A mixture of techno, rock, and pop… But what does the end result sound like?

Source: Album Artwork

California’s Night Riots are an outfit that can be somewhat difficult to digest when you first approach their dark mesh between rock and alt-pop it can be an adjustment that doesn’t exactly come naturally. Almost like a half way point between The Pet Shop Boys and Imagine Dragons, Night Riots that excel in their own unique, eccentric way.

Eccentricity is the best one-word summary that can be given to the band’s new album Love Gloom – there’s little here that strikes as ordinary or basic, there’s at least a tinge of experimentation linked to everything on the album, making for an interesting listen at the very least.

Night Riots certainly aren’t the first outfit to blend together tech/synth elements with rock music, but there is a sense of originality to them. Largely down to the hooks and eloquent pitch of vocalist Travis Hawley – his style blends well with the sinister sound of the drums throughout the record, creating an atmosphere packed to the brim with ambiance and zest.

Love Gloom is an album of pleasantries, with ‘Fangs, ‘Contagious’ and ‘Don’t Kill The Messenger’ all passing by without causing too much hassle in their tones. This in itself is the main issue for the record though, there’s not a whole lot of the album that forces your attention to one specific element of a song. The choruses are climactic but nothing special, and the techno sounds are interesting but never jaw-dropping. Love Gloom is an album that really struggles to stand out.

Only on ‘Nothing Personal’‘All For You’ and ‘Pull Me Down’ in particular are there moments that can catch a gaze and produce a chorus with enough hook and horsepower to make them feel like an emphatic result of brave experimentation. But this doesn’t occur anywhere near enough to make the record a glowing success.

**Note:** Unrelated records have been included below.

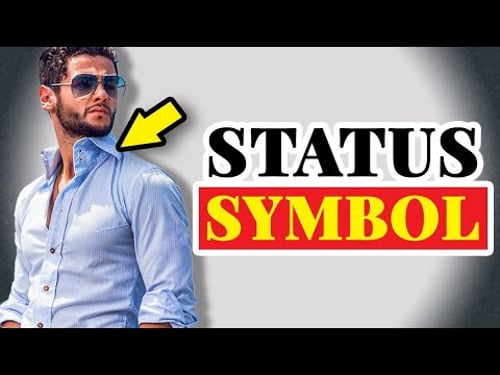 Strange History Of Shirt Collars (From Armor To Status Symbol)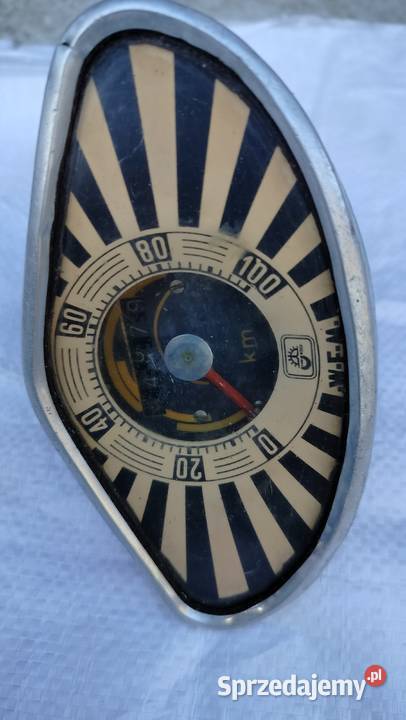 Licznik Osa Grudziądz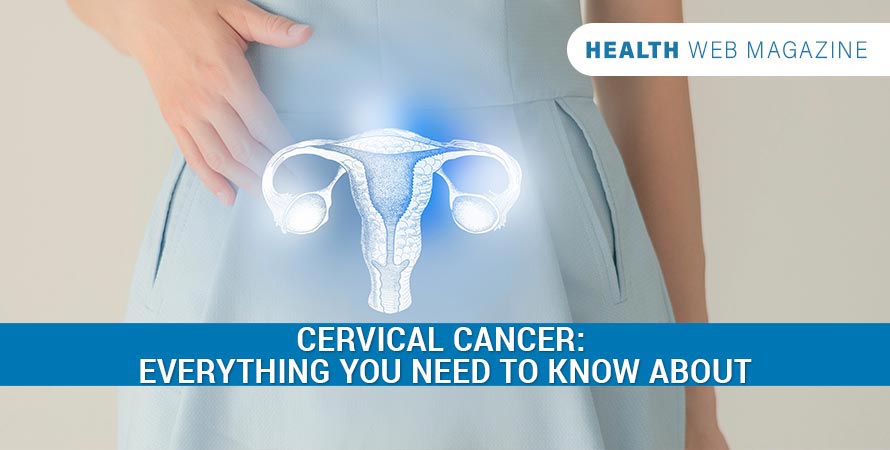 Cervical Cancer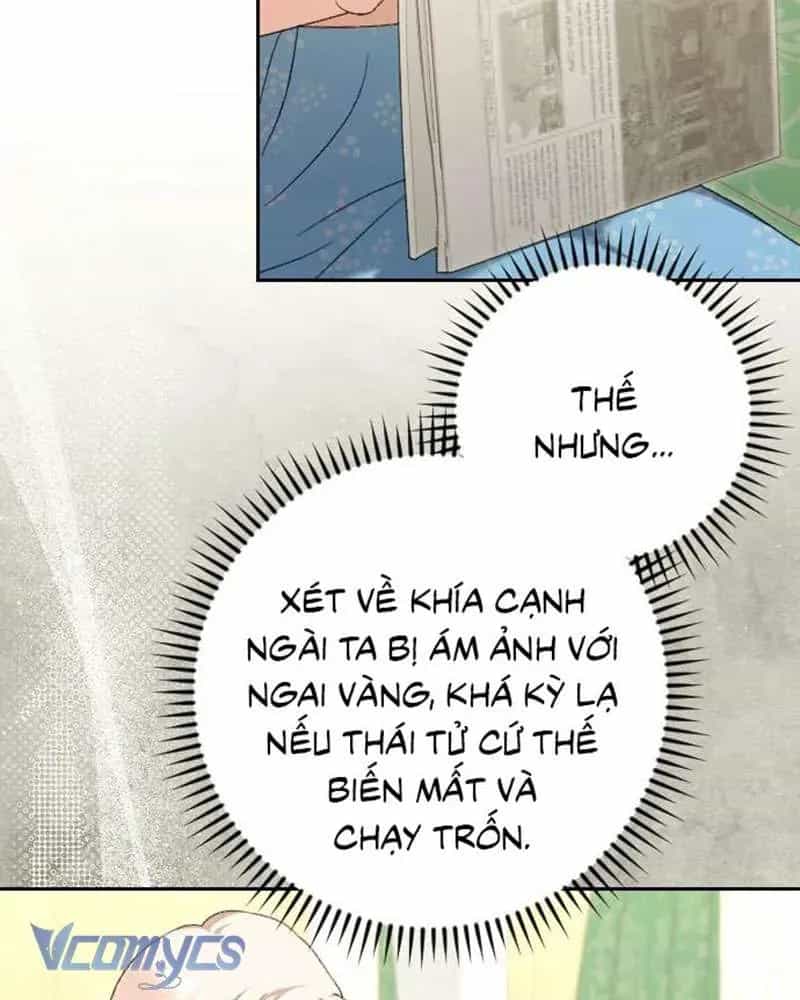 Dành Cho Những Ai Coi Hối Tiếc Là Điều Xa Xỉ - Chương 59 - ảnh 19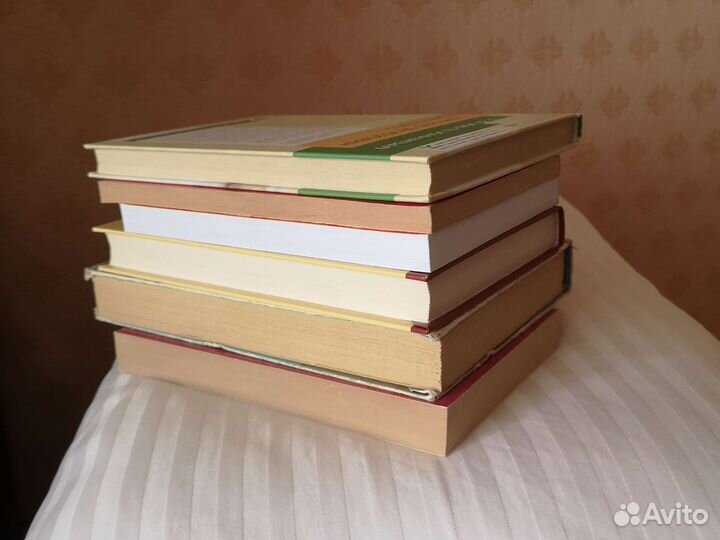 Книги для молодых мам и для будущих мам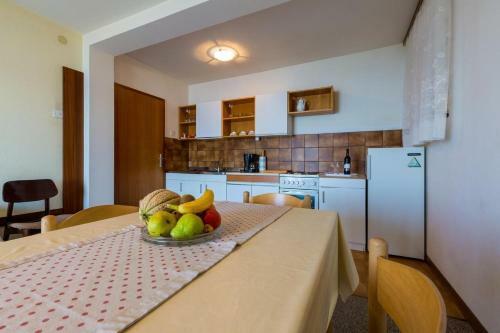 Apartments In Crikvenica 39331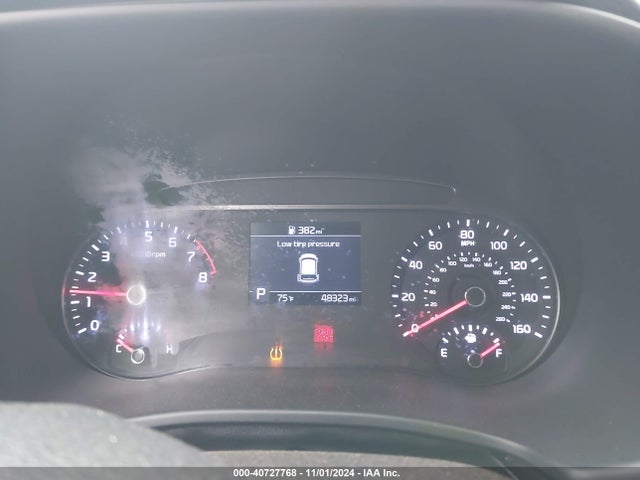 KIA SOUL LX 2020 KNDJ23AU3L7036696 Image 7
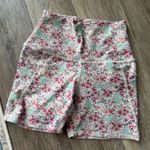 Evolution and creation Biker Shorts  Photo 0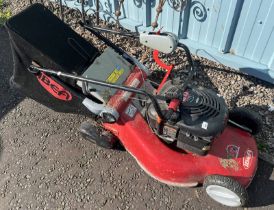 IBEA PETROL LAWN MOWER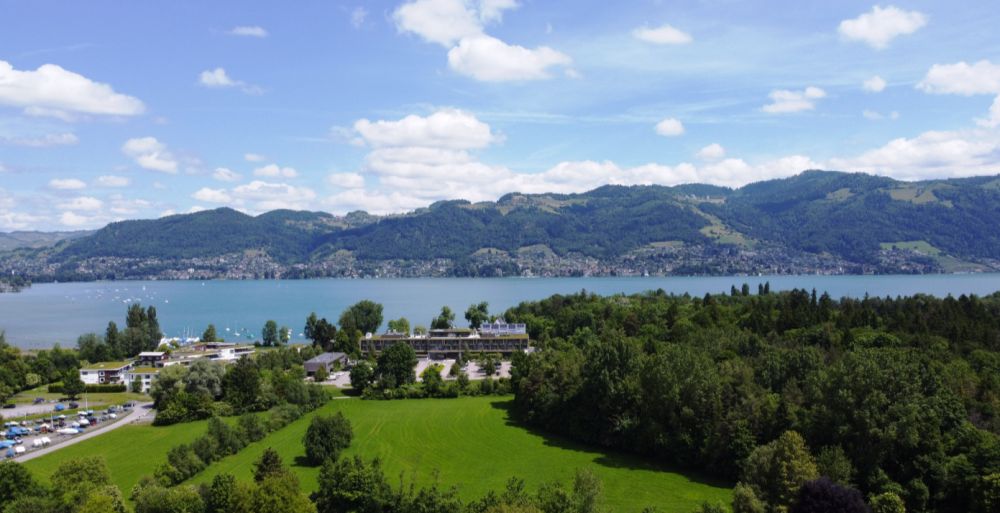 Neubau von 3 Eigentumswohnungen am Gwattstutz 32a in Gwatt bei Thun -  Bild 2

Love Gloom is an album that throws a sound at you that you may not be overly familiar with, but once accustomed to – the spark soon fades, and there is a feeling that once you’ve heard one track you’ve heard them all. Night Riots will most definitely find a market with this record, but despite blending a couple of styles into one overall product – achieving true crossover appeal is going to be challenging.